But the idea that the only way to stop regular massacres would be to literally close all schools was a stark reminder of the everyday reality of the US, where Active Shooter Drills teaching kids how to react in combat situations are just another part of the curriculum.
Even from the vantage point of the UK – geographically and culturally remote from the gridlocked US gun control debate – the thought of classrooms as sites of carnage rather than learning is a terrifying thing to consider head-on. Perhaps that is why films dramatising or examining school shootings are relatively rare, because who would want to confront that horror voluntarily? All of which makes Mass – a strikingly humane but emotionally devastating exploration of anger, helplessness and grief after a fatal incident in an otherwise nondescript middle-American town – a tough sell.
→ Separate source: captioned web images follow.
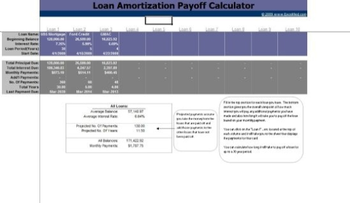 Loan Amortization Payoff Calculator screenshot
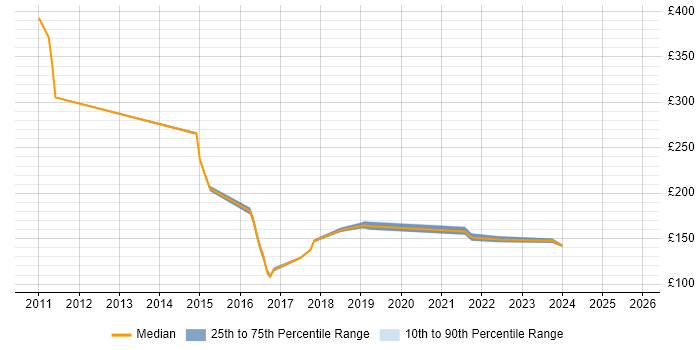 Contractor daily rate distribution trend for jobs in Oxfordshire citing Break/Fix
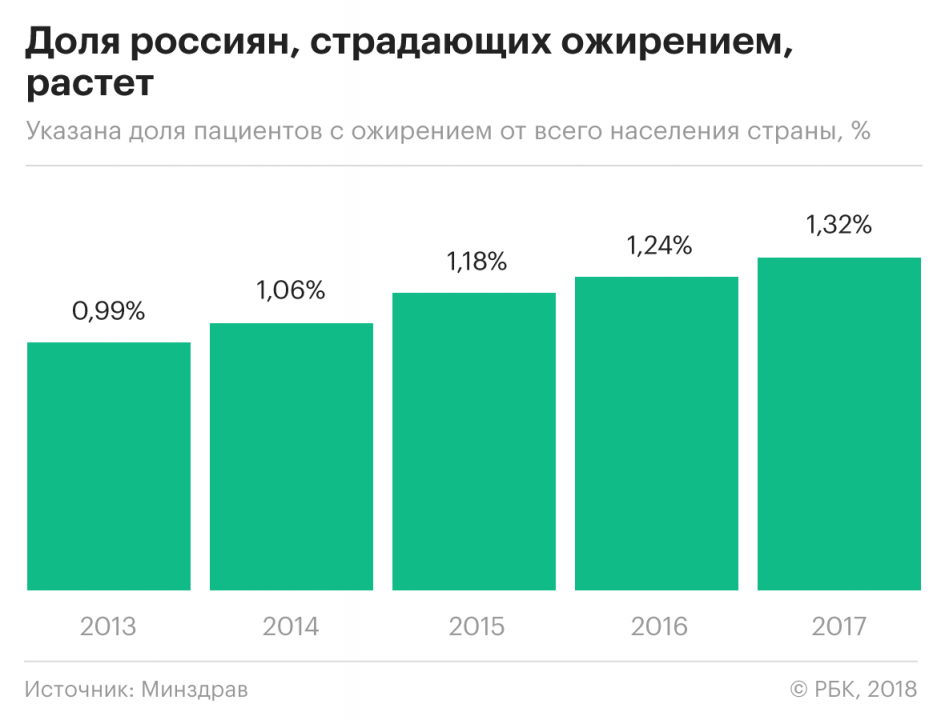 Росло количество. Статистика ожирения в России 2021. Статистика ожирения в мире. Статистика ожирения в России по годам. Статистика ожирения в России 2020.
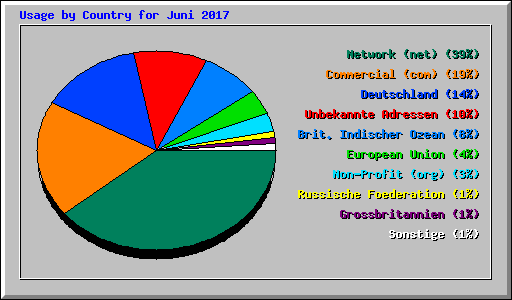Usage by Country for Juni 2017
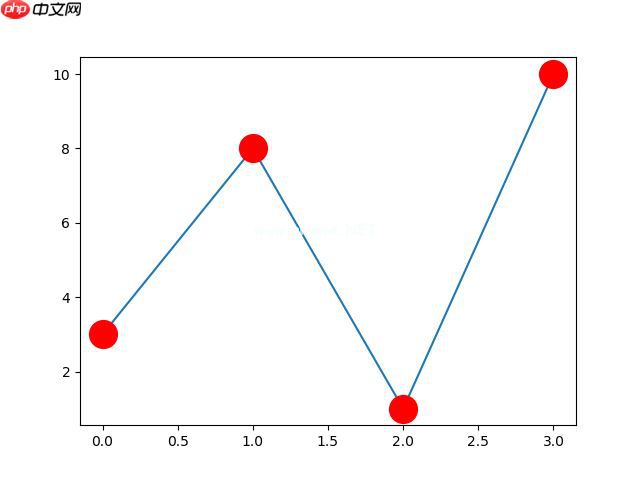 Matplotlib 绘图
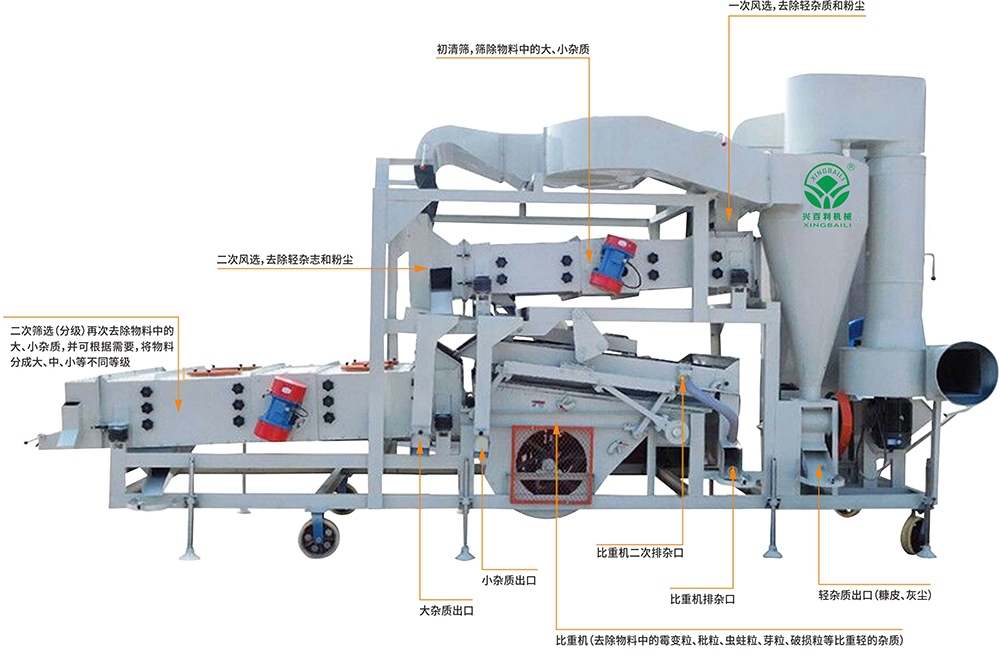 11-5XF-A型復(fù)式精選機(jī) 5XF-A multiple cleaning machine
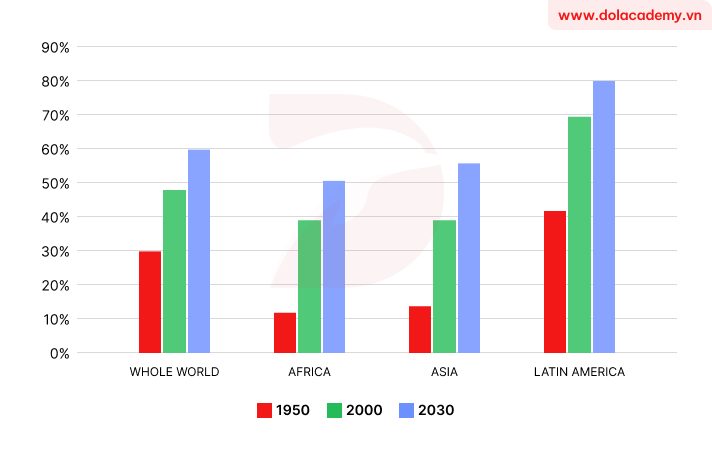 Forecast IELTS Writing Task 1 - (Bar chart) - Topic Urban population growth trends & sample band 8.5+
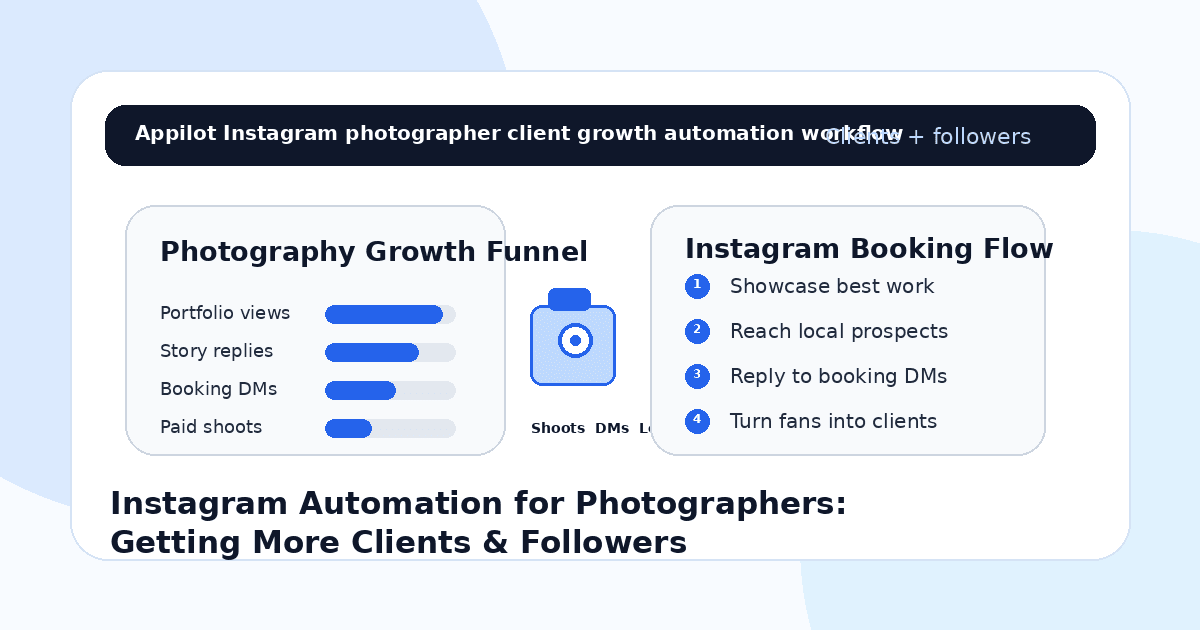 Instagram Automation for Photographers: Getting More Clients & Followers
Perhaps it helps that the film takes place six years after the actual event: time enough for the news cycle to advance, for lawsuits to be raised and settled, for the wider world to have moved on. But for the four people who convene in the back room of a small local church, the trauma still seems palpable. After careful legal wrangling, the mother and father of the perpetrator have agreed to meet the parents of one of the victims to talk face-to-face about the experience that connects them.
For Gail (Martha Plimpton) and Jay (Jason Isaacs), who lost their son to seemingly random violence, the desire to seek some sort of closure seems understandable. And who could know the motivations of the dead gunman better than the people who raised him? Quite why Linda (Ann Dowd) and Richard (Reed Birney), the pilloried parents of the shooter, would agree to be interrogated seems less obvious, though it feels like they are still looking for answers too.
Gail is so tightly wound that she seems barely able to speak. Jay has a grasp of conciliatory language but his haunted, haggard demeanour suggests a man hanging on by a thread. Linda appears open and empathetic (a million miles away from Dowd’s terrifying turn as Aunt Lydia in The Handmaid’s Tale series), but cannot bring herself to wholly condemn her killer son; estranged husband Richard, formally dressed and wary, seems to view the whole exercise as simply another flagellation to endure.